Last night, Khadi and I stayed up late trying to plan our AI for today. We ended up talking for hours and forming only two questions. We were so frustrated with the process that we eventually just gave up.

We woke to a new day with the hope that our frustration had not been in vain. In a way, it was because it turned out to be such a straightforward, nonchalant conversation with the villagers that little or no planning had been necessary. This reinforces the need to first experience, not intellectualize the lessons I will be learning here.

One problem our group faced was some of the villagers hoping to be paid for their discussion with us. We had to explain AI and our objectives once more as we struggled against being seen as tourists looking to just objectify the village, not students looking to enter into dialog with it, to learn from and eventually (through a relationship to the organization with which we are working) contribute to its further development.

We talked with two teachers and the principal of the college (middle school). We sat outside in plastic lawn chairs at a wooden desk eating bananas and talking into the late morning. They were so receptive to the concepts of AI as they answered our questions with inspiring accounts of their education system’s successes, which included the community’s insistence for a middle school planned for another village as well as high enrollment and test scores. I don’t know that I am prepared to intellectualize the entire experience yet, but I do know that the discussion provided me with hope as to the functioning of education in the village context. I think of my mother’s cooperative school as I reflect upon the participation and support Dindéfélo provides for its school. Mothers cook at the cantine and anyone on the street will ask why a stray child is not in school. The mindset of the village is one of participation from all members cooperatively. This provides an ideal (though under resourced) setting for the classroom. Modern education has much to learn here. I worried that institutional education would alienate villagers, but this place has managed to integrate it into their own setting. To become educated is not a way of escaping the community, but of contributing to it. For example, one of the teachers with whom we spoke was a native who had gone to university in Dakar and returned to work in the college. I tried to just listen as the community spoke, to ask questions and then learn from the responses as they came.

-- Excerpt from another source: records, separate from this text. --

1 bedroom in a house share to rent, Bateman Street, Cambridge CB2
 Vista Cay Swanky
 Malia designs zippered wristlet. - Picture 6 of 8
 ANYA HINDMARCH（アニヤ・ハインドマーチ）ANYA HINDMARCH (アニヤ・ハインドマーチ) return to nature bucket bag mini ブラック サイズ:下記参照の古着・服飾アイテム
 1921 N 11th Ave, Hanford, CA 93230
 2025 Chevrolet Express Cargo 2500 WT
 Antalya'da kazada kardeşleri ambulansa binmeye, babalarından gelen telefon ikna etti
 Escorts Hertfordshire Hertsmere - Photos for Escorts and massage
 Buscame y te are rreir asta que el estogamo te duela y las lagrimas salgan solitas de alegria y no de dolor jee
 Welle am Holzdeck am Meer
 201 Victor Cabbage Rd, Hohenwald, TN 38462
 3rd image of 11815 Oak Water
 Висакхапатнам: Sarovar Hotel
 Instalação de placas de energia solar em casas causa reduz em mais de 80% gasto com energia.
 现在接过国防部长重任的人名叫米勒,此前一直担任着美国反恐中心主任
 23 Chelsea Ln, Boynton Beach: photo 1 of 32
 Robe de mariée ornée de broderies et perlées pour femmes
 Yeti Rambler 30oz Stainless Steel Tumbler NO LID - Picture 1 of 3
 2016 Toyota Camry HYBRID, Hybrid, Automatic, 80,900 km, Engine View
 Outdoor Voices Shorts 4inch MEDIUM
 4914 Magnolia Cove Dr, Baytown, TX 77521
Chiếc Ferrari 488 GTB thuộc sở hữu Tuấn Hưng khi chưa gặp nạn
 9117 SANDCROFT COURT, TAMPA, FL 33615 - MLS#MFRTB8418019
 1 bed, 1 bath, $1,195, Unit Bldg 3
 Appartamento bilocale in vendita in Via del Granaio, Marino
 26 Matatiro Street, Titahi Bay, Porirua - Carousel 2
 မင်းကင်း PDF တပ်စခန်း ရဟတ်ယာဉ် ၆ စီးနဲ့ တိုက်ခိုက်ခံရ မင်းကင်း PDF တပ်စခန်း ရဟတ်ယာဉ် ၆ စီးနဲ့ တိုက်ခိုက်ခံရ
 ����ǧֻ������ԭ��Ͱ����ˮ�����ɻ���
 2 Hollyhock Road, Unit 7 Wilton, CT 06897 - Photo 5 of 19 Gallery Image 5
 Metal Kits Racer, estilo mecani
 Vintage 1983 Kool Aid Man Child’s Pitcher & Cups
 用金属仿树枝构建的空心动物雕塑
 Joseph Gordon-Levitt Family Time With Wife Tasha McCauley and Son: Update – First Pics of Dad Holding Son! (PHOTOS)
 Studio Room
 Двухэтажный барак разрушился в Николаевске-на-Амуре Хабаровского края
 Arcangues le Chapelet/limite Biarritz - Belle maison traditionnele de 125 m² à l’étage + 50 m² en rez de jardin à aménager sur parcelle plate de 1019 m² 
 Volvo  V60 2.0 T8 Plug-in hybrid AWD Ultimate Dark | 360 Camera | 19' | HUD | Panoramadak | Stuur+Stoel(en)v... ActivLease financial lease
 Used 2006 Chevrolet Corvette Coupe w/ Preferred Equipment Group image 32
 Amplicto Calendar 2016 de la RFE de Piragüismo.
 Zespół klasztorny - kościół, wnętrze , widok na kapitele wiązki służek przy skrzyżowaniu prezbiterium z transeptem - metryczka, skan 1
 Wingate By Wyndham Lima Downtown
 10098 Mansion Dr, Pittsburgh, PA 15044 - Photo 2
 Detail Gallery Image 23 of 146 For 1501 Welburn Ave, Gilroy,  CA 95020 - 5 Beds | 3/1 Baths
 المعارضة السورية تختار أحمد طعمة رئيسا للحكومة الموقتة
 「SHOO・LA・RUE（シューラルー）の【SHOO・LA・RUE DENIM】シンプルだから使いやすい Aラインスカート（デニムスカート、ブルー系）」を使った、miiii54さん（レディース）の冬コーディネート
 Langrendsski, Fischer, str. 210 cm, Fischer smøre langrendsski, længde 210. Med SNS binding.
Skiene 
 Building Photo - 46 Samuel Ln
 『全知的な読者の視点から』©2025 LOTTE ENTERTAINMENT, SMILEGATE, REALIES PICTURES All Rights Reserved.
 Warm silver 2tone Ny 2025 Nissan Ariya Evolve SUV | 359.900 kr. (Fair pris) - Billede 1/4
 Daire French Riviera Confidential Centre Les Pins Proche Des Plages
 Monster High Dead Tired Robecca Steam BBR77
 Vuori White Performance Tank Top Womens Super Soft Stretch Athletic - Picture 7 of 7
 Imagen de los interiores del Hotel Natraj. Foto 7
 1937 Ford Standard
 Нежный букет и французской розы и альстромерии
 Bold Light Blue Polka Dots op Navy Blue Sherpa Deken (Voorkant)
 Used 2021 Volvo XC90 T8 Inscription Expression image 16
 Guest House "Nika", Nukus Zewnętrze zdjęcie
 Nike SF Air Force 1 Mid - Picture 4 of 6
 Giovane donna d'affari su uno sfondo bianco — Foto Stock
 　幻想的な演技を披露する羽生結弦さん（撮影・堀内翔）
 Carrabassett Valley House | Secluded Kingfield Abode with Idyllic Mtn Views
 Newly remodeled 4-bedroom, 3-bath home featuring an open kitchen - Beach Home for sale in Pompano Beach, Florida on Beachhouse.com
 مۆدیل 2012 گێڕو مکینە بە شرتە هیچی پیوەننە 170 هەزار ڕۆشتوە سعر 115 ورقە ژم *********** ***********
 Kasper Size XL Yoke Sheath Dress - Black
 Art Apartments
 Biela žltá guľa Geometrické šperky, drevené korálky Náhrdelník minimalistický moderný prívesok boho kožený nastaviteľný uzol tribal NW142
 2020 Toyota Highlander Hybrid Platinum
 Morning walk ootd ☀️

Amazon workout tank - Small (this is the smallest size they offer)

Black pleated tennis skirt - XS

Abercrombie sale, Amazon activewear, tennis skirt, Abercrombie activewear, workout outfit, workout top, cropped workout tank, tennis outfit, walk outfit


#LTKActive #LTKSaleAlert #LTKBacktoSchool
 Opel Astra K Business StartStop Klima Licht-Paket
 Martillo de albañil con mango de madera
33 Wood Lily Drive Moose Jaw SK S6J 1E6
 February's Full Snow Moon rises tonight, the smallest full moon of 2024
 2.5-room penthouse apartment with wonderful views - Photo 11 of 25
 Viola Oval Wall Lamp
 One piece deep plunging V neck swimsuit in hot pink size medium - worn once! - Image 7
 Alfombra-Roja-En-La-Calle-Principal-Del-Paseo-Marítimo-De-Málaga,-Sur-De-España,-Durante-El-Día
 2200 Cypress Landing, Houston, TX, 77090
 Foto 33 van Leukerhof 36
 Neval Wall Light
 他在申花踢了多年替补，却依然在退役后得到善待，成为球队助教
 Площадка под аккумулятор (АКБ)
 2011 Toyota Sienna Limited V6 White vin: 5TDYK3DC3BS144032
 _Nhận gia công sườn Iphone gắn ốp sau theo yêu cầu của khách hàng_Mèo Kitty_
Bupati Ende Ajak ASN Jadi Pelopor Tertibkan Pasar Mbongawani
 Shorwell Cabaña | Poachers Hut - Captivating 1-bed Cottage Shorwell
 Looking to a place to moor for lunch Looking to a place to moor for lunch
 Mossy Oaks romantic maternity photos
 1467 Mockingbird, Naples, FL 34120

I did the writing for the group. This involved standing in front of an audience of two French teachers and another francophone as they dictated what I should write on the huge papers pasted on the blackboard. I don’t think I have ever been so intellectually frenzied. I tried to keep up with them but was quite obviously frustrated with my own imperfections in French and in my handwriting that I struggled for all four pages of work. Regardless, I managed to get through it and I think my French and my confidence are better for it.

I spent the rest of the day in bed, sick from the food and dehydrated and tired from the sun. I need sleep and recuperation before I continue with this work ---though I feel confident about it thus far.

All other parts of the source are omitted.